Zweistein_42 asks: "I work at a large, navy-coloured IT corporation. A new, more secured password policy has just taken effect and will be strictly enforced: 8 characters alphanumeric, changed *every 90 days*, with standard checks for non-repetitiveness, dictionary, uniqueness, etc. Is there any research to support whether such requirements actually increase security?" "I have almost a dozen applications I use daily (e-mail, VPN, Windows login, intranet, FTP, etc), plus 20-30 I access 'occasionally', and their passwords have to be unique - and change at different times. I usually take the trouble to memorize random alphanumeric, un-guessable combinations; but even I won't bother memorizing an average of 2 random strings a week. Eventually, won't most people use their pets names (fuzzy1cat, fuzzy2cat, etc) and start writing passwords on a note on their screen?

Every time I see such a policy, I strongly believe it makes *my* passwords less secure. What is the average user's reaction?

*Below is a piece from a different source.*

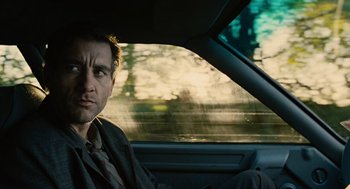 Movie still from “Children of Men” (2006), directed by Alfonso Cuarón – A man sitting in the passenger seat of a car; Close Up shot, Low angle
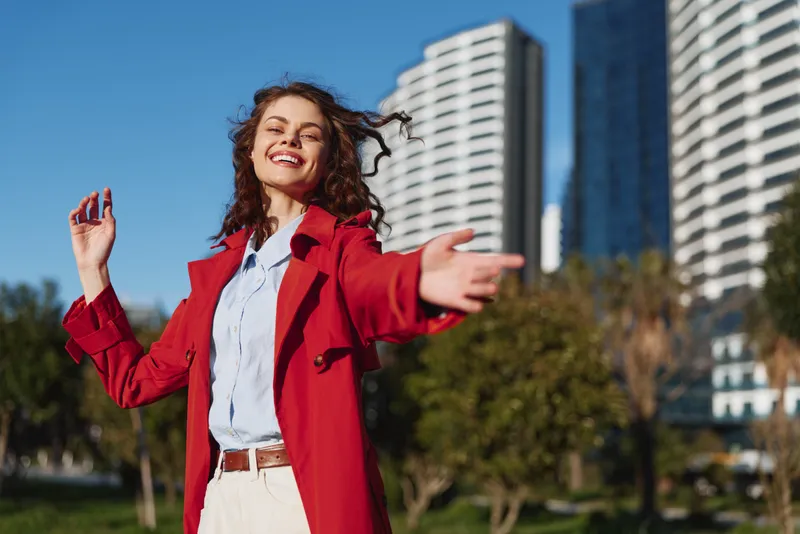 A young woman with curly hair wearing a red coat joyfully reaches out while standing outdoors near modern buildings on a sunny day.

What about lost & support time trying to regain forgotten passwords?"

3 of 233 comments (clear)

  1. Password Safe by MaccaUK · · Score: 5, Interesting
    Funnily enough, the use of a password safe - an app that keeps track of multiple passwords, similar to Apple's Keychain - is available (even encouraged) in that blue company :-)

    Of course, it's kind of a single point of failure in terms of security, if you don't take into account the need to use a boot password and Windows login. Also, if your laptop dies... and you haven't backed up the password file...

  2. Re:This is the reason by Bastian · · Score: 5, Interesting

    I hacked my own together with a USB key containing an encrypted keychain and encrypted copies of my SSH key files. (Granted, I have no idea if a PC equivalent exists - my office lives in Mac-and-Unix-Land.) The keychain is backed up to another secure location every time I add or change a password, because the passwords I use look like what you get when you fall asleep on the keyboard. The USB key comes with me when I leave the computer, and the keychain get's locked automatically after 10 minutes in case I forget.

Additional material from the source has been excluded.